Of course this implies the wise use of money. Money could be spent on gathering great cricket players or dancers or in designing distinctive uniforms in the belief that these win baseball championships, but that would be wasting money. (Again, I have no evidence, this is just reasoning.)

I'm assuming that if teams are unwise in their spending, this will be revealed, and they will spend some of it on educating themselves on what they should be spending it on. (There's Billy Beane again.)

There is the possibility that baseball's economic market is so inefficient that even placing a huge value on a championship still will not bring it about. With the limitations of draft contracts and revenue sharing, there definitely is some inefficiency, but I think in the long run, those who value baseball most highly and vote with their wallets will win championships.
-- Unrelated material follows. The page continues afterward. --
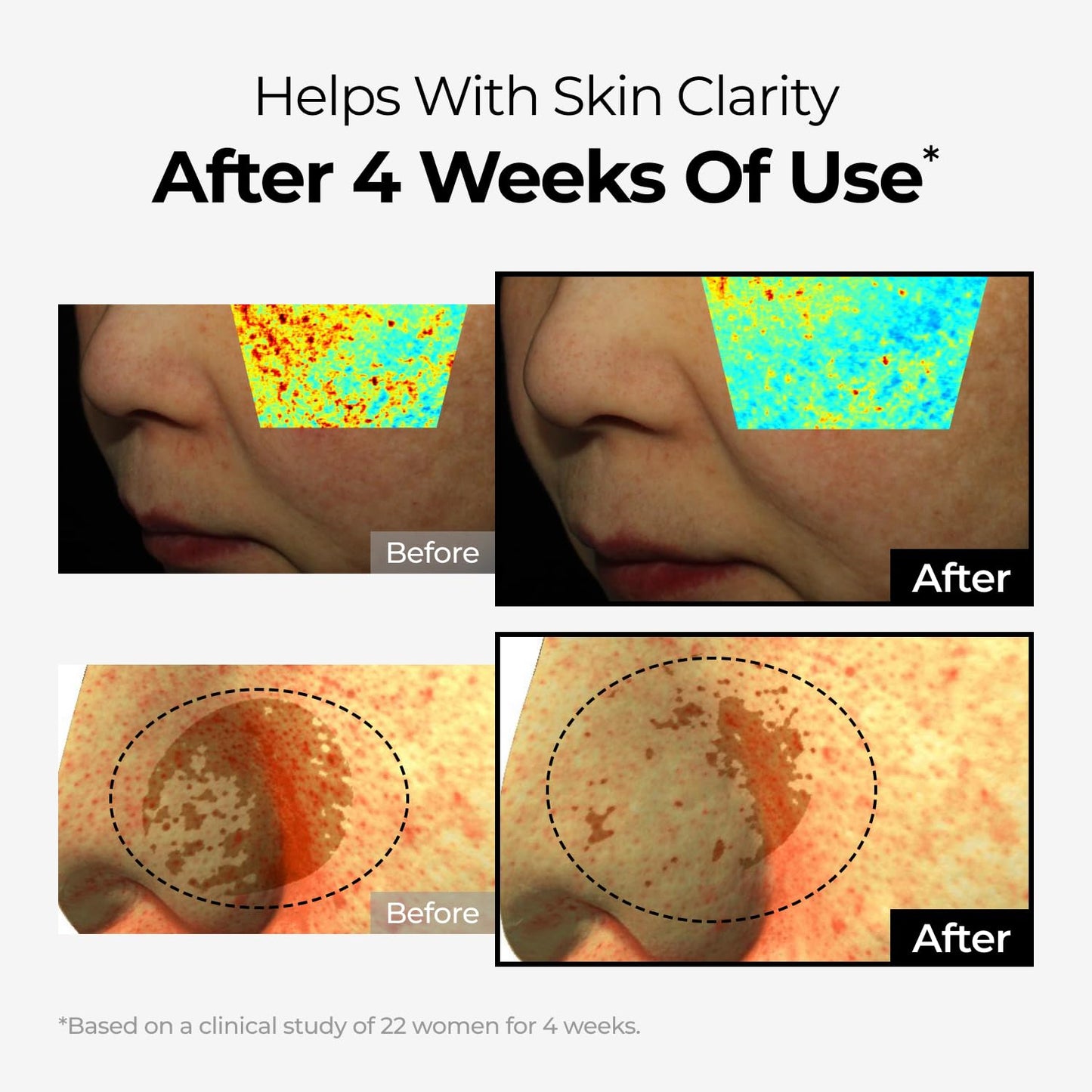 DOMINAS Niacinamide & Tranexamic Acid Cream | Korean Skincare for Even Skin Tone | With Bakuchiol & Panthenol (1.76oz)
I hope money matters. I hope we have efficient markets that recognize all costs and values and that allocating our resources wisely matters. And yet I realized the game may still be a matter of a lucky gnat's eyelash.

Big Myk said...

Sigh. I suppose that you are correct. I have hardly done an analysis of all teams in all sports in all times thoughout the world. I was really just talking about this year.

I read one article that said that the winning teams this year did it one of two ways: either they spend a lot for their talent, or they've built a roster from several years of high draft picks who are just now coming into their own. The Pirates fall into the latter category. But then the article says, Billy Beane did it his own way. Oakland A's: 2013 Team Again Proves That Billy Beane Is the Best GM in Baseball.

But, if in fact money buys championships, this year's baseball season is an outlier. Which goes to show that nothing is certain in this crazy world and that the Mysterium Tremendum can still play its hand.